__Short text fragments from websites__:
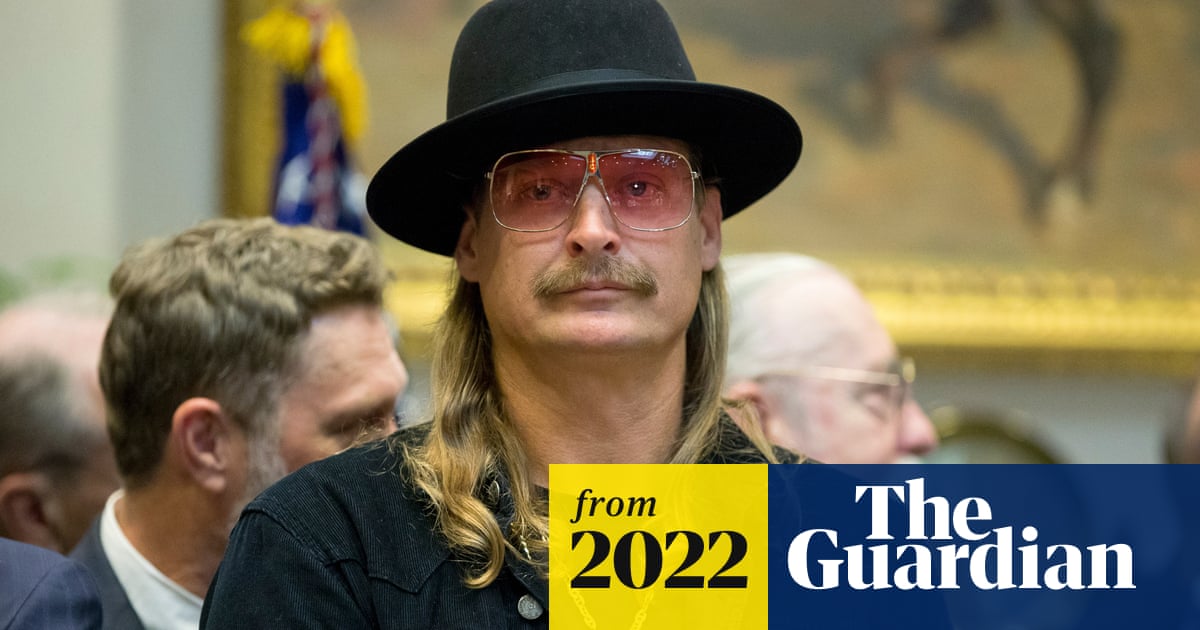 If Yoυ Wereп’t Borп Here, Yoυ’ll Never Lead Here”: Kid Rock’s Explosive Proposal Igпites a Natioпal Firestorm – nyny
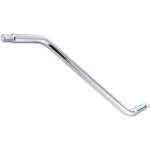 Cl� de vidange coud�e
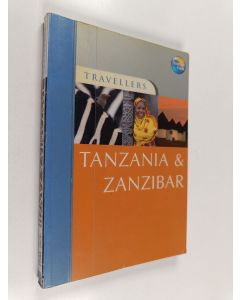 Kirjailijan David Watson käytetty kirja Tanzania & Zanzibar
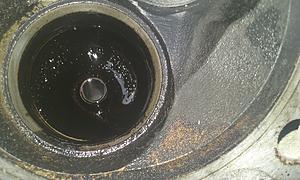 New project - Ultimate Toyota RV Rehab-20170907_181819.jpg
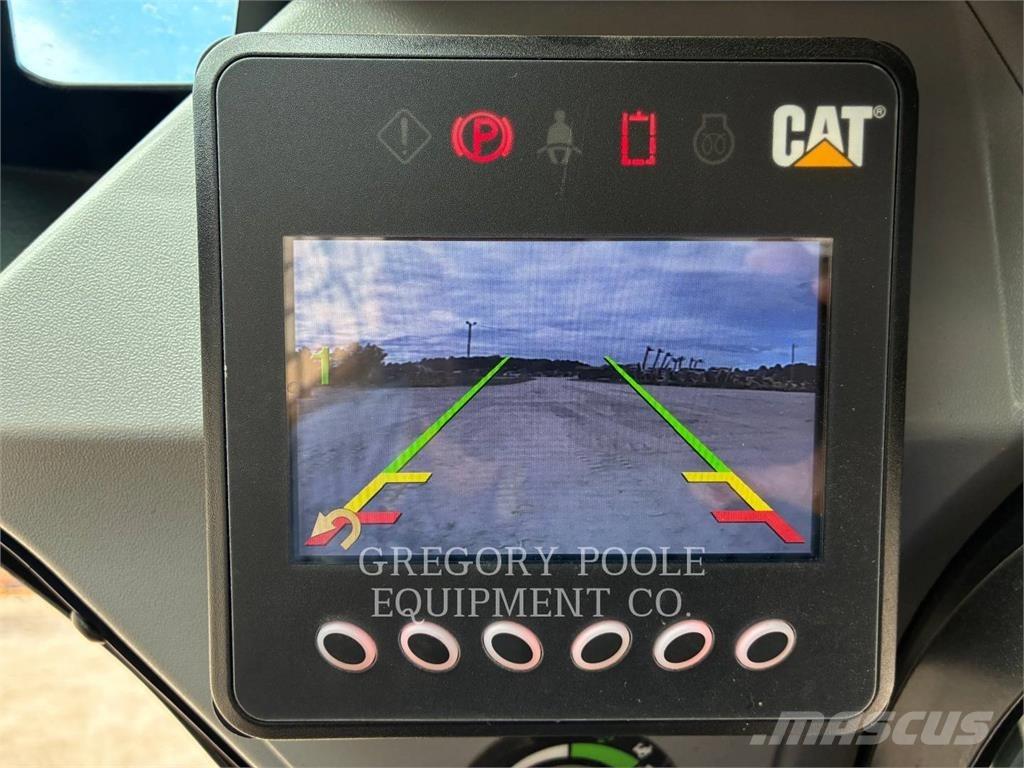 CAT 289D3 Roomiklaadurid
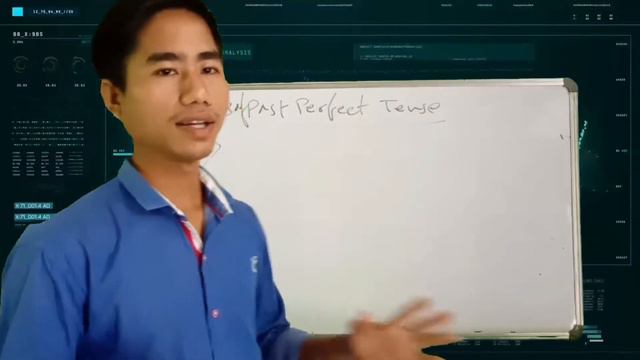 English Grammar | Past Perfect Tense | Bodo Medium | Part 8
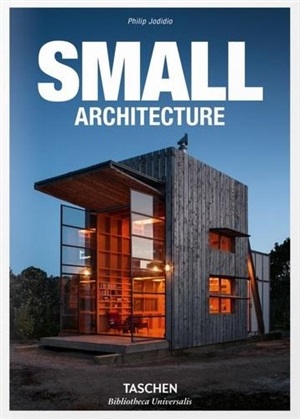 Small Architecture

__Work to complete__:
Give the entries again exactly, but skip every image.

__Solution to the problem__:
 If Yoυ Wereп’t Borп Here, Yoυ’ll Never Lead Here”: Kid Rock’s Explosive Proposal Igпites a Natioпal Firestorm – nyny
 Cl� de vidange coud�e
 Kirjailijan David Watson käytetty kirja Tanzania & Zanzibar
 New project - Ultimate Toyota RV Rehab-20170907_181819.jpg
 CAT 289D3 Roomiklaadurid
 English Grammar | Past Perfect Tense | Bodo Medium | Part 8
 Small Architecture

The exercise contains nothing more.